Mah nishtanah halailah hazeh mikol haleilot?
Passover is about uniting as one and overcoming a treacherous journey through unfamiliar land, while persevering with strength and faith. It celebrates The Exodus of the Jewish people escaping freedom from slavery and the 10 plagues which struck down their oppressors. The Jews were protected from these plagues and their homes were “Passed Over” by having faith and following the commandments of Moses.
This Passover is not cancelled. It is a time for us to reflect. Why is this Passover different from all other Passovers?
Passover during the coronavirus is meaningful today in a unique and important way because it stems from the moral of the Passover story to come together as a people, united as one, with strength and perseverance to fight this coronavirus plague so that it may “Passover” all of us. That is my wish for all of you.
May we stand strong, united as one and have faith that this will Passover soon.
This Jewish holiday is usually filled with a full house of family and friends with a lengthy Seder recalling the story of Moses and the Israelites. This year, while we might be alone physical sense of the word, I know by following the law, next year will be different. Next year, we will not be enslaved alone in our homes and able to celebrate Passover with family and friends physically and spiritually.

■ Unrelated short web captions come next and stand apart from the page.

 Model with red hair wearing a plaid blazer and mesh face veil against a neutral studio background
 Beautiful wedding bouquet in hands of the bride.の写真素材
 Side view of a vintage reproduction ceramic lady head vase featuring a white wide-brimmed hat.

This year we must come together and remember what is important in our lives. We must celebrate the people who matter the most in our lives. We must take notice of the good and bad by what and whom we take for granted – big and small.
By coming together by staying apart we will survive this journey and come out stronger on the other side with so much more to celebrate in the years ahead.

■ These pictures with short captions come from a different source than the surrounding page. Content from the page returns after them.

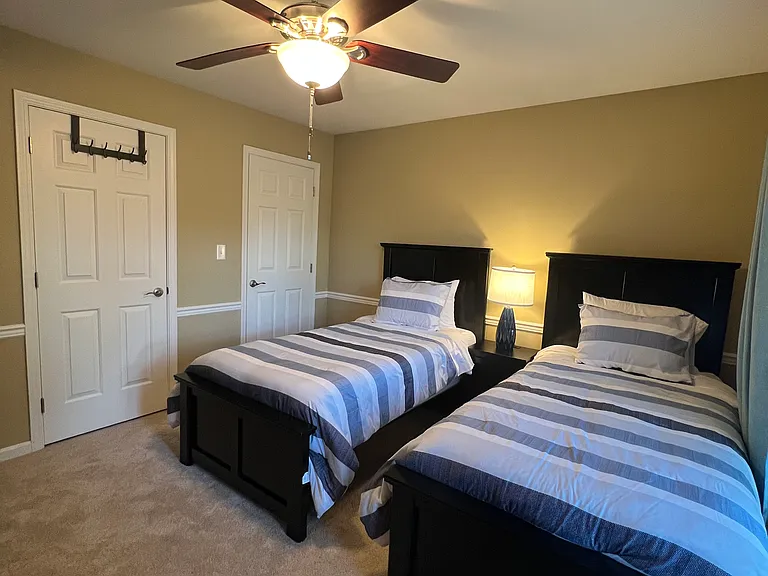 3rd bedroom- 2 twin beds, dresser, 2 closets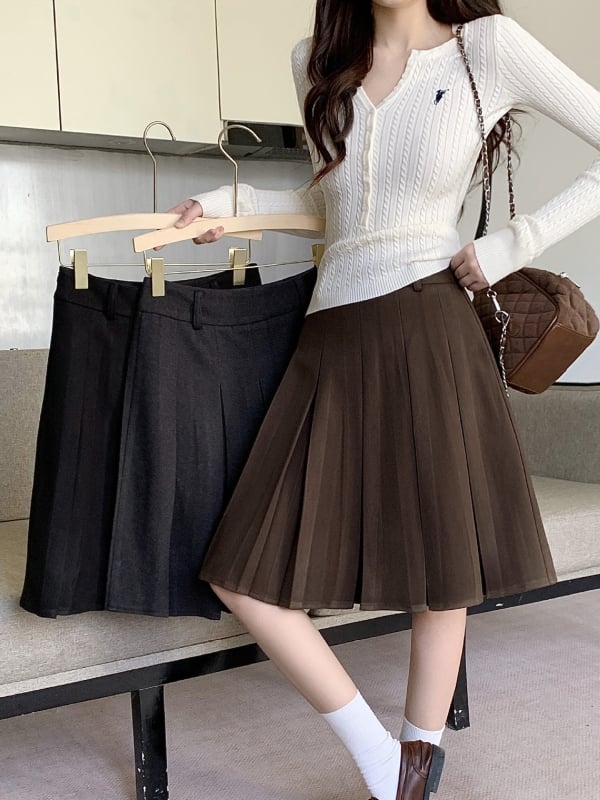 A-vonalú pliszírozott midi szoknya, magas derekú, poliészter (70–80%), 2025 tél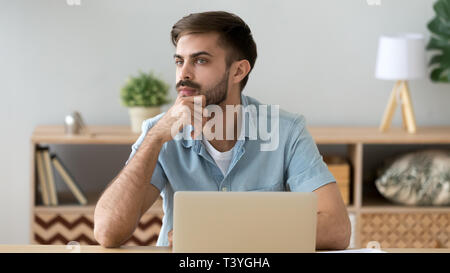 Thoughtful serious student or office worker thinking about online project Stock Photo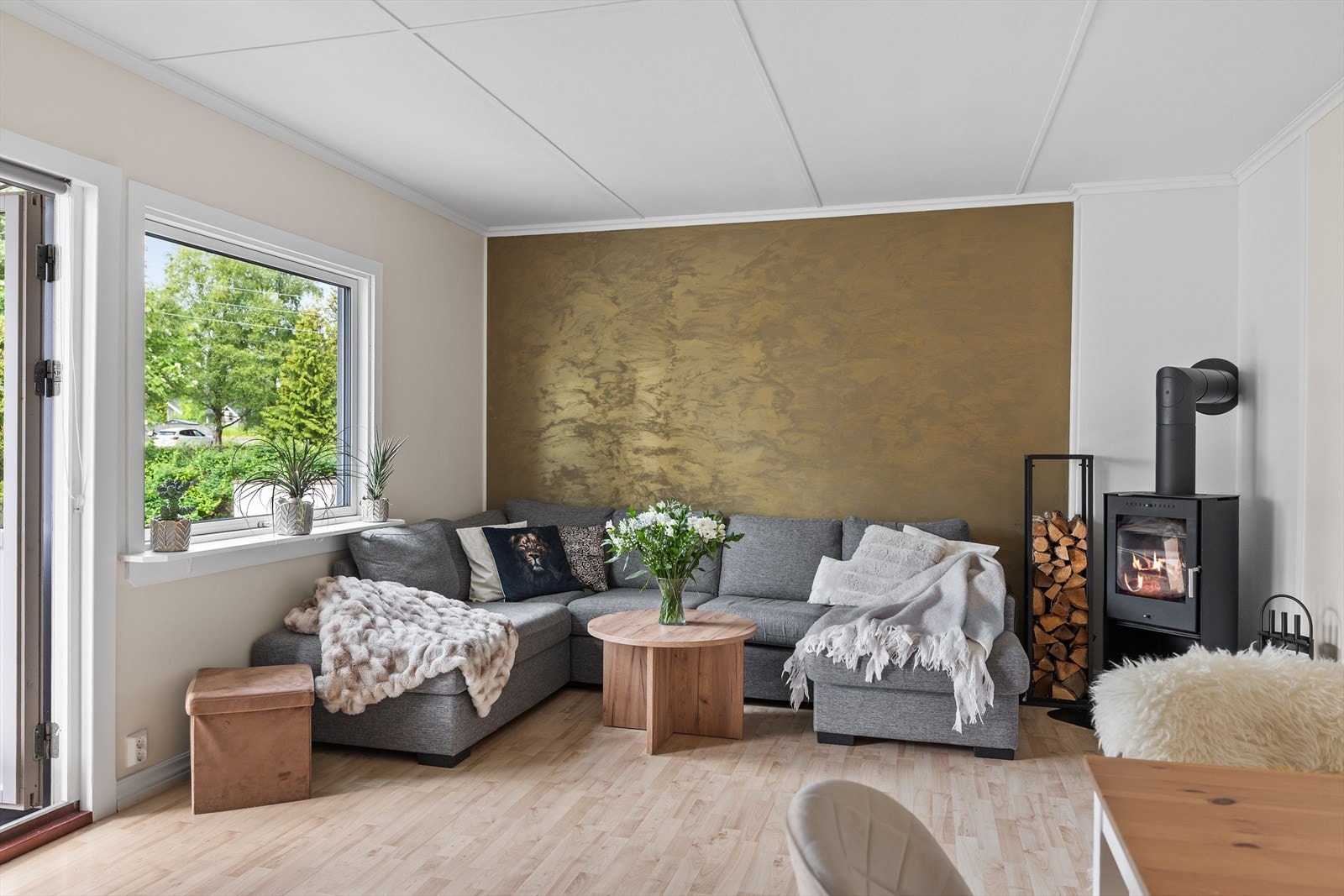Stuen fremstår som lys, innbydende og trivelig, med store vindusflater som slipper inn godt med naturlig lys og skaper en luftig atmosfære. En flott dekorvegg tilfører rommet karakter og gir et moderne og stilfullt uttrykk. Galleribilde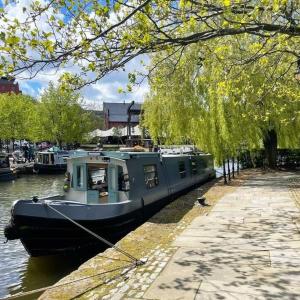 a boat is docked at a dock in the water at Luxury new built split-level flat with rooftop gardens access in Manchester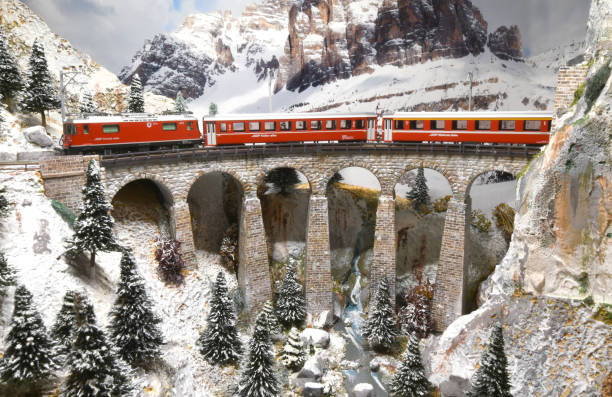 Florence, ITALY- October 2020: Model railway with Swiss Bernina Express Train on viaduct. Winter ambientation.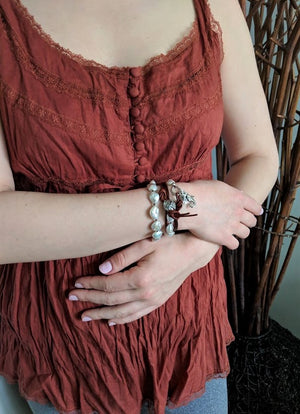 This gorgeous handmade artisan wrap bracelet-necklace combines the beautiful large white baroque pearls with sterling and leather elements. The sterling silver button, seahorse and star charms add a beautiful shine to the combination and create an ocean theme. The bracelet is held together by a silk thread and a brown leather cord. Wearing this bracelet feels like taking a refreshing walk on the beach.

Wishing all those who celebrate a happy and very healthy Passover.
This year, I think we could all add this supplement to the Hagaddah for our Seders.
From the AJC for Passover 2020.
A Seder Responsive Reading in the Age of Coronavirus
As we fill our four cups of wine, we pray for a time when our cups will yet again be overflowing.
As we wash our hands, we affirm our role in protecting ourselves and others.
As we dip in salt water, we cry the tears of a planet besieged.
As we break the matzah, we long to be made whole.
As we ask the four questions, we search for the answers that elude us.
As we remember the ten plagues, we contemplate our own.
As we imagine our own redemption from Egypt, we aspire to be free.
As we sing Dayenu, we beseech, may our efforts to combat this pandemic be enough.
As we eat the matzah, we contemplate our impoverished state.
As we consume the bitter herbs, we empathize with another’s pain.
As we enjoy the haroset, we remember the sweetness which awaits us.
As we search for the afikomen, we pray to be connected to our missing pieces.
As we welcome Elijah, we pray for redemption.
As we sing songs of praise, we remain grateful for all of God’
Stay safe, stay well and be good to one another.